» What you will do: Copy the complete listing word for word, but do not carry over any images.

» Data extract:
:::::

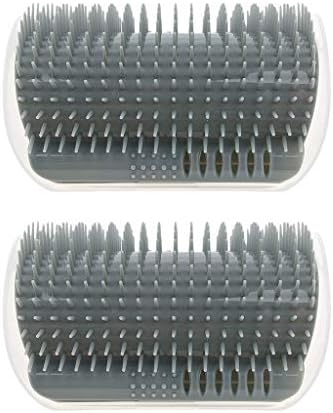 ペット用品 猫 グルーマーブラシ マッサージ グレー 櫛 出群 2個入り グルーミング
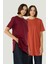 Bisiklet Yaka Yarım Kol Yırtmaçlı 2'li Uzun T-Shirt 963 Bordo/kiremit 1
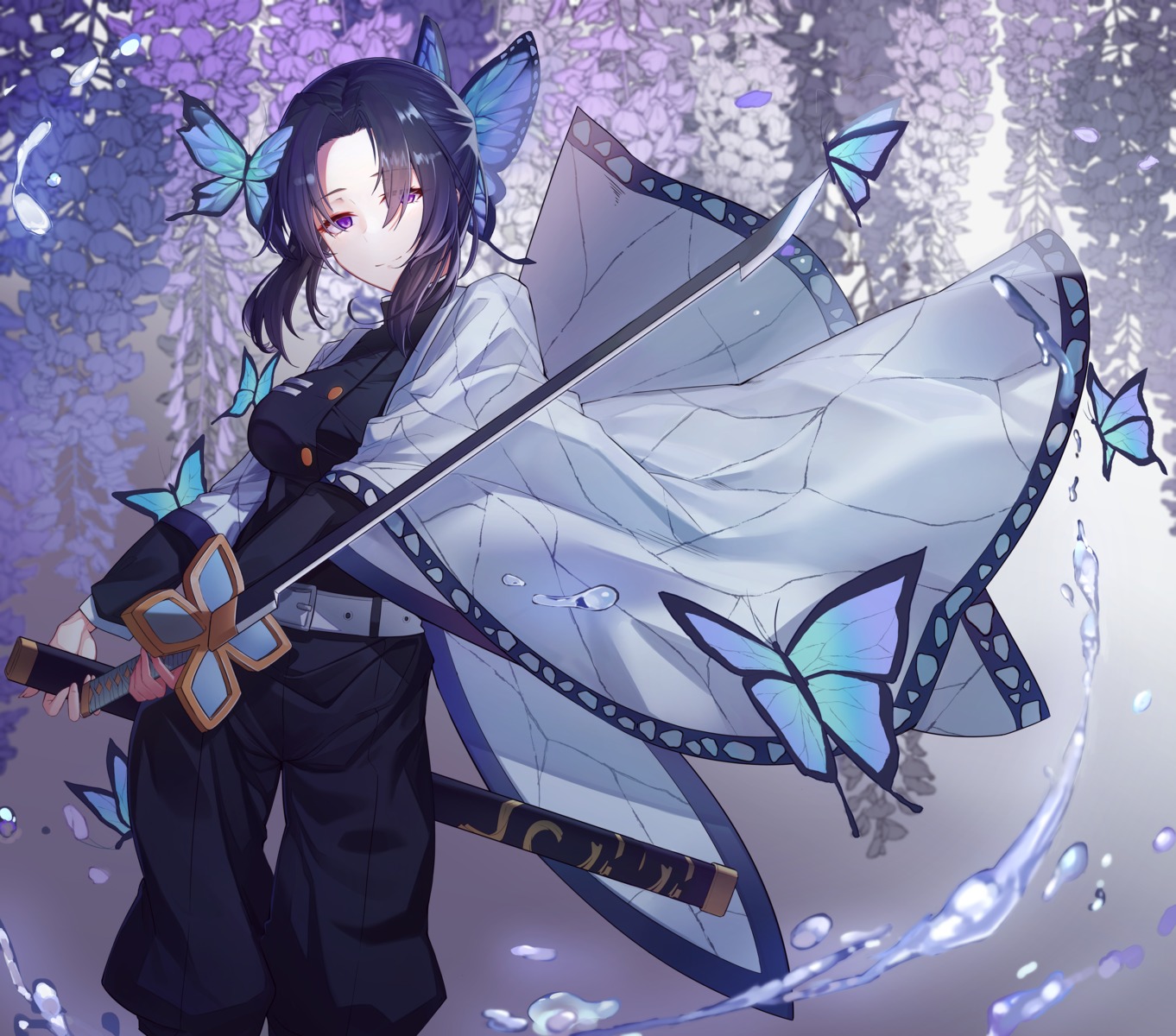 japanese_clothes kimetsu_no_yaiba kochou_shinobu orn sword uniform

:::::

» Result for this task:
 ペット用品 猫 グルーマーブラシ マッサージ グレー 櫛 出群 2個入り グルーミング
 Bisiklet Yaka Yarım Kol Yırtmaçlı 2'li Uzun T-Shirt 963 Bordo/kiremit 1
 japanese_clothes kimetsu_no_yaiba kochou_shinobu orn sword uniform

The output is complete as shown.